Menalton João Braff (born July 23, 1938) is a Brazilian writer of short stories, novellas and novels.

== Biography ==
Menalton Braff was born in Taquara, a Brazilian municipality in the state of Rio Grande do Sul. His formal education occurred in both Taquara and Porto Alegre, capital of Rio Grande do Sul and one of the top cultural, political and economic centers of the country.

He became interested in literature during his childhood, when he began reading classical authors. He engaged in political activism during his course of Economy in the former Universidade do Rio Grande do Sul and was forced to quit university and disappear as a citizen for a few years due to the military coup of 1964.

It was only after amnesty that Braff could use his real name again. In São Paulo, at Universidade São Judas Tadeu, Braff started his teaching career.
At this time, while finishing a postgraduate course in Brazilian literature, Braff wrote his first novel. His first two books were published under the pen name Salvador dos Passos, which was abandoned in 1999 when he published À Sombra do Cipreste. This short stories book would win the Prêmio Jabuti for Literature in 2000.

He worked as a teacher and professor of Brazilian literature in Catanduva, Batatais, Ribeirão Preto, Ituverava and other regional cities.
Braff married Roseli Deienno, who studied at the same university where he worked in São Paulo, and they moved to the interior of the State. Braff was the winner of Prêmio Jabuti de Literatura in 2000 with À Sombra do Cipreste.

== Literary style ==

Braff's prose is best known for its literary impressionism and tendencies for lyrical or poetic narratives.
In an interview, the author himself acknowledges: “My general tendency is for Impressionism. I feel deeply attracted to the paintings of the movement, its suggestion, its unfinished aspect; that is, a world in constant construction.” (BELEBONI, 2007).

In this sense, his works generally offer moments of impressions that compose experience instead of focusing on a realist image of a whole. His narrators prefer to suggest sensations and thus take part in an attempt to capture the moment, the fragmentary, the subjective. Stream of consciousness, for instance, is one of the techniques employed to highlight the ideas of disconnection and linear rupture.

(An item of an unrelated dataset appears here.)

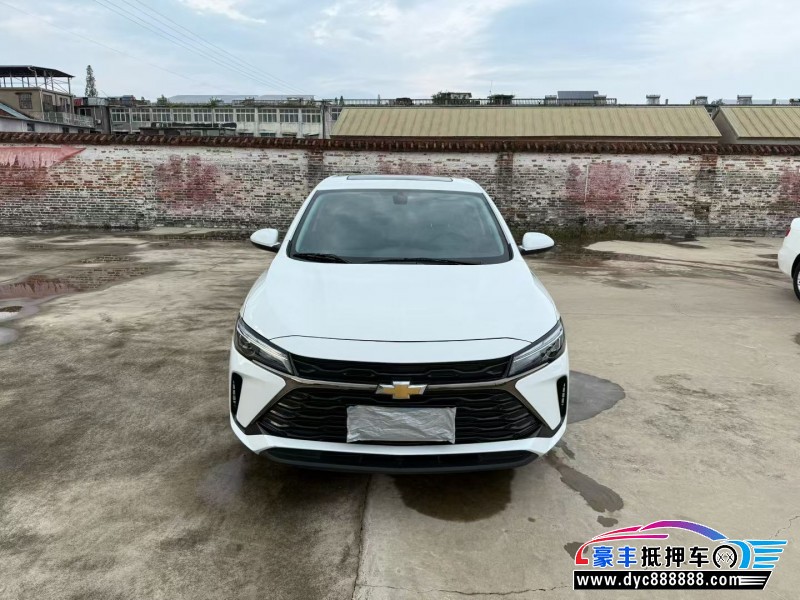 22年雪佛兰科鲁泽轿车抵押车出售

Braff's literary inclination to the lyrical novel is based structurally on rhythmic patterns such as rhymes and alliteration. On the thematic and plot spheres, his narratives focus mainly the human condition through the projection of the inner life of either the narrator or the characters as well as the search for identity and existential meaning.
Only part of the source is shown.